In the hundred-plus years since journalist Upton Sinclair shined a light on the deplorable conditions in the U.S. meat packing industry in his groundbreaking exposé, The Jungle, per capita meat consumption for Americans has increased 63%. Can the world continue to feed its growing meat-eating population? New technologies have the potential to revolutionize the meat industry by growing tissue culture beef… but, how do you market against the “yuck” factor? Harvard Business School professor Jose Alvarez aims to answer these questions.

American President Donald Trump pulled out of the 2015 Paris agreement on climate change just over a year ago. What does that mean for the role of United States companies and business leaders in confronting climate change challenges? Assistant Professor Vincent Pons looks at the historical debate and what the road ahead looks like for the role of business in improving the environment.

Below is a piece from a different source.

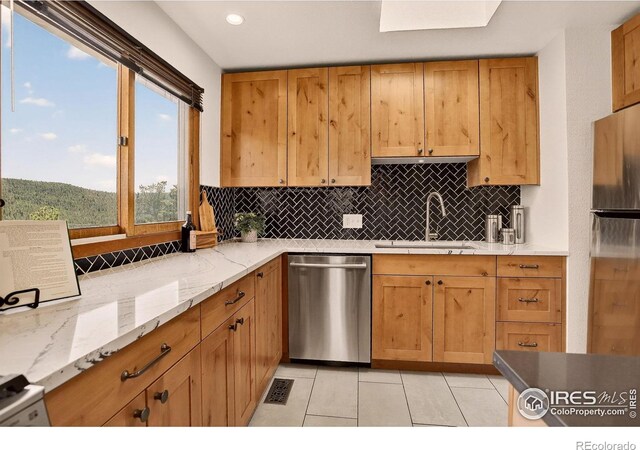 144 Coyote Ct, Boulder, CO 80302 - kitchen with appliances with stainless steel finishes, tasteful backsplash, light tile patterned floors, recessed lighting, and light stone countertops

Enel, Italy’s state-owned power company, was one of Europe’s largest coal users and polluters. Now it is recognized as a leader in renewable energy services. How did it engineer that monumental change? Senior Lecturer Mark Kramer discusses how CEO Francesco Starace’s vision of sustainability drove innovation and fostered a completely new enterprise around developing and promoting renewable energy.

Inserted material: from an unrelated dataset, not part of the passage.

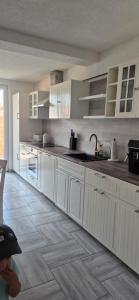 a kitchen with white cabinets and a wooden floor at Lindenplatz 6 in Sondershausen +15 photos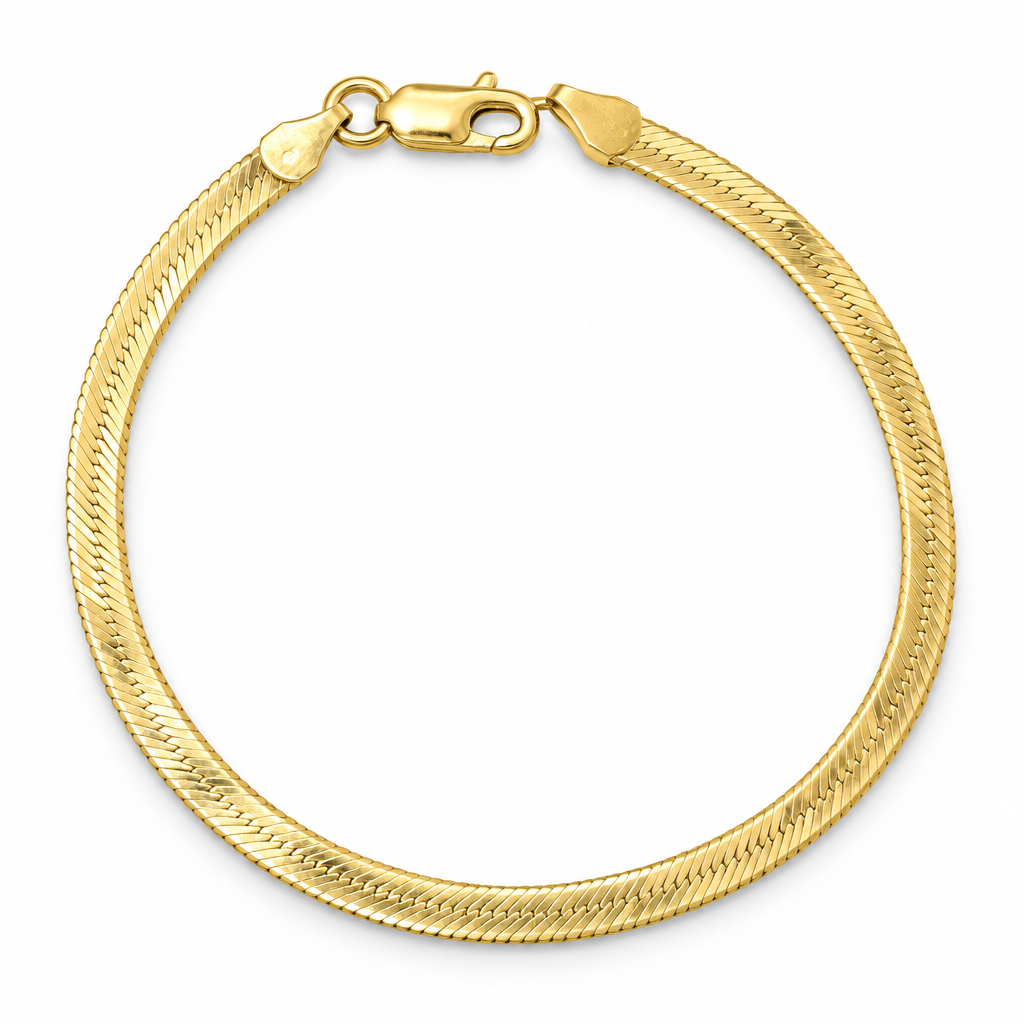 14K yellow gold herringbone bracelet in an oval on white background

Since brewing is a marketing-driven business, finding ways to differentiate a beverage from its competition is crucial. Heineken’s chief marketing officer took a novel approach: take the complicated processes of production and distribution and make them interesting and important to the consumer. Harvard Business School professor Forest Reinhardt explains his case study, “Heineken: Brewing a Better World” — how a big, sophisticated company used small details, from trucking routes to the color of refrigerators, to put its commitment to the environment to work on its behalf.

Can big companies fix big problems? Are they responsible for doing so? As the third-largest employer in the world, any move Walmart makes reverberates around the globe. Yet despite its many successes and innovations, particularly in terms of sustainability, the company often faces criticism for its business practices. Harvard Business School professor Rebecca Henderson discusses what she calls the paradigmatic case: how Walmart takes huge risks, makes great strides, and demonstrates how companies are one of the few instruments humanity has for changing the world at scale, for better or for worse. Henderson is the author of the case study, “Greening Wal-Mart: Progress and Controversy.”

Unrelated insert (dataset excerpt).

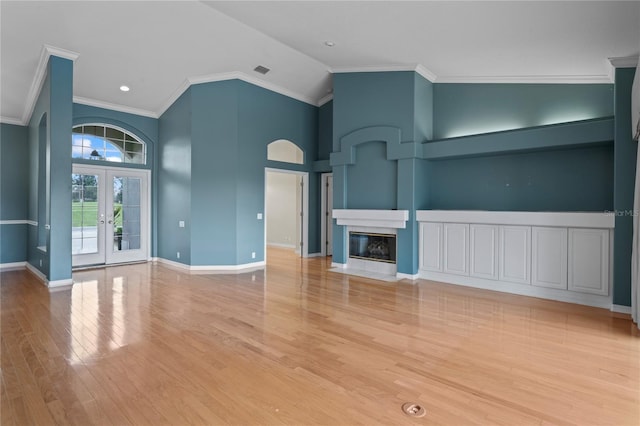 4351 Mallard Lake Dr, Spring Hill, FL 34609 - unfurnished living room with french doors, wood finished floors, a fireplace with flush hearth, crown molding, and high vaulted ceiling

Skydeck is the HBS alumni podcast series that features interviews with HBS alumni from across the world of business, sharing lessons learned and their own life experiences.

Jules Kortenhorst (MBA 1986) is CEO of the Rocky Mountain Institute, a leading think tank focused on sustainability and energy use. It has become a go-to source of analysis from the transformation from fossil fuels to renewable energy. Bulletin editor Dan Morrell spoke with Kortenhorst about his career path and how the world can make renewables a reality.

In 2002, Wally Eamer (MBA 1979) took a job that no one really wanted: Trying to broker peace between logging companies, environmentalists, First Nations and the government of British Columbia. These groups had been in conflict over the future of BC’s forests for decades and had grown bitter, and there was little hope of resolution. But within four years, Wally and his fellow negotiators hashed out a tentative way forward, and—a decade later—the agreement was finalized and then celebrated by everyone involved. By the end, the goals had become so universal, negotiators actually switched sides, moving from one stakeholder to another. In Wally’s case, he began the negotiations working for the government, and—by the end—he was working for First Nations. Bulletin editor and Skydeck host Dan Morrell talked to Wally about his approach to these unique negotiations, why they were so successful in the face of such great odds, and what the experience taught him.